2008_09_lirr.jpgThe NY Time has a huge, front page article on the curious "disability epidemic among" Long Island Rail Road retirees. In a nutshell, the article points out how many LIRR employees apply for disability after retiring...and they end up getting those federal payments. Back in 2004, 97% of employees who retired after the age of 50, applied for and received disability.

The article starts off at the Sunken Meadow golf course, citing how dozens of retired LIRR employees are enjoying the links: "These golfers are considered disabled. At an age when most people still work, they get a pension and tens of thousands of dollars in annual disability payments — a sum roughly equal to the base salary of their old jobs." And these are workers from train operations (conductors, engineers, track workers) and white collar positions (deputy general counsel, claims manager) applying for disability, according to the Times.

The article also points out how employees' early retirement ends up costing the MTA, because of "overtime, training of replacements and early pension payments." (All while the MTA is facing serious budget issues.) Also interesting: How union contracts have various rules that allow some workers to earn many times their usual daily wage--one employee whose base salary is usually around $50,000 earned over $250,000 in 2006, and the Times has an interactive graphic illustrating how he earned the equivalent of four days pay in one.

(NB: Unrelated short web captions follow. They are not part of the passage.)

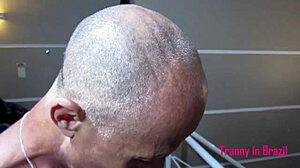 My man sold me to his friends for wild group action. What’s your price?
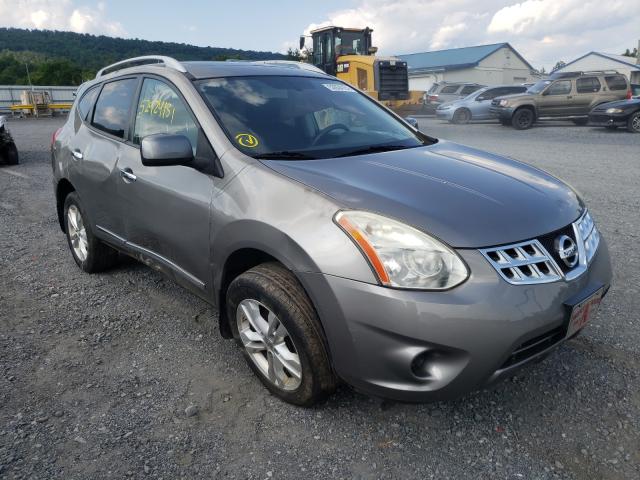 NISSAN ROGUE S 2012 jn8as5mv0cw712239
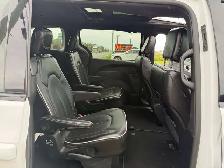2025 Chrysler Pacifica Limited S CLEAN CARFAX CERTIFIED - Photo 22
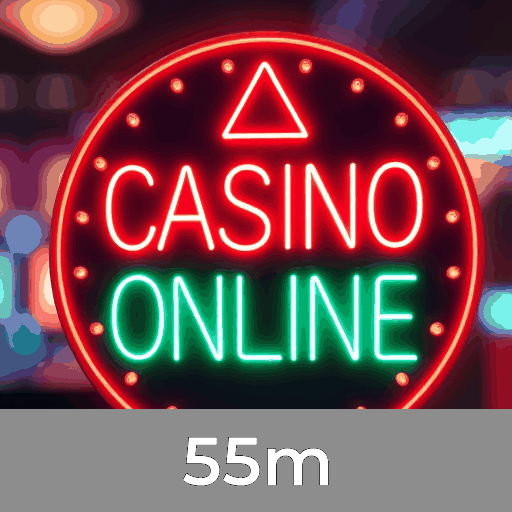 Ganhe com Crash no 55m: Emoção e Alta Rentabilidade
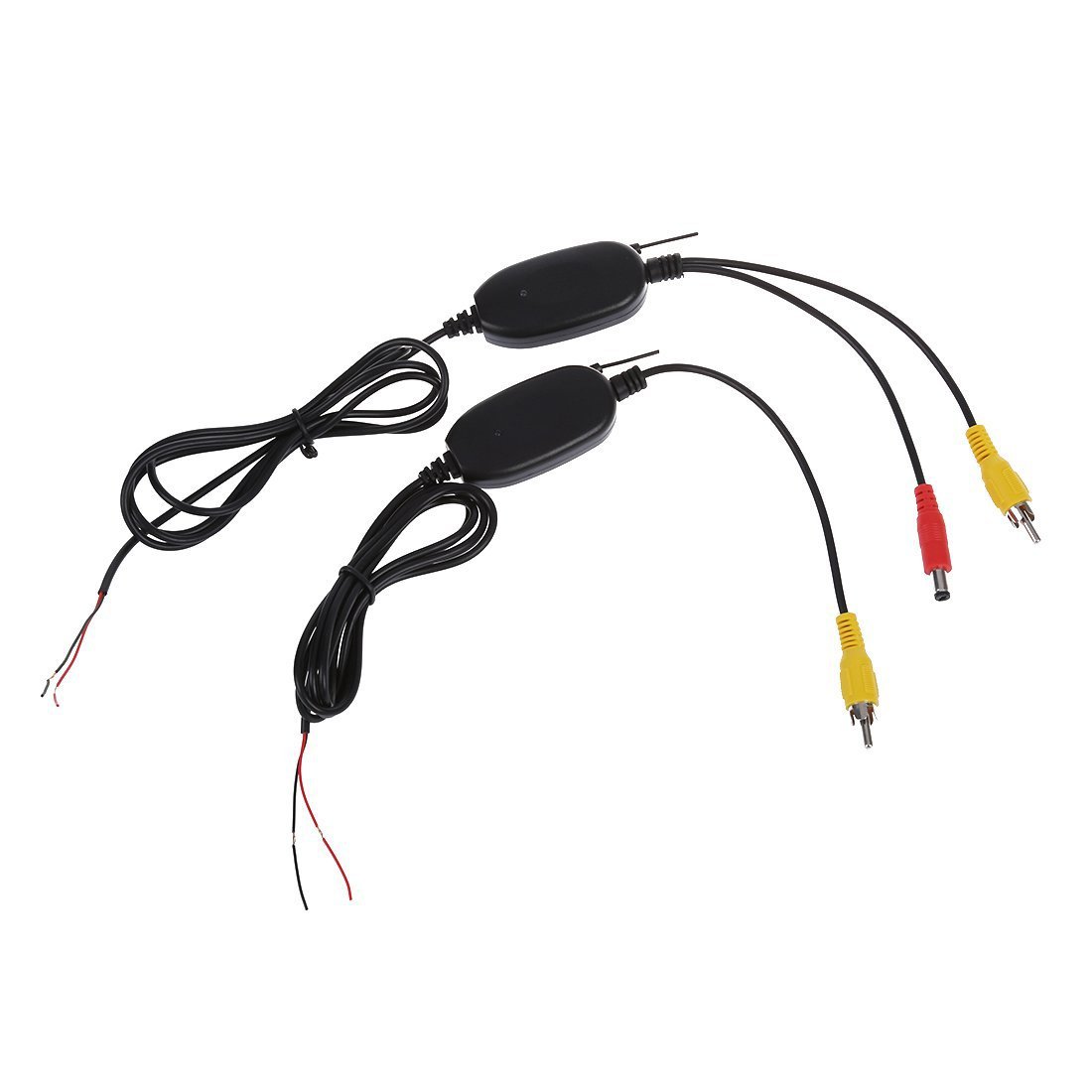 Car Reversing Camera Wireless Car Wireless Receiver and Transmitter 2.4G Wireless Transceiver Wireless Reversing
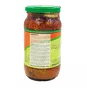 Marynowane warzywa w oleju Mixed Pickle In Oil Druk 380g - 2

The article is very extensive and the TImes' findings are so alarming that the LIRR even sent a letter to the U.S. Railroad Retirement Board, the organization that approves disability. And to put things into perspective within the MTA, here's a good passage that compares the LIRR with the MTA's other commuter railroad, Metro-North.

Their work forces are of similar size and composition. Employees perform roughly the same tasks: operating trains, punching tickets and maintaining tracks.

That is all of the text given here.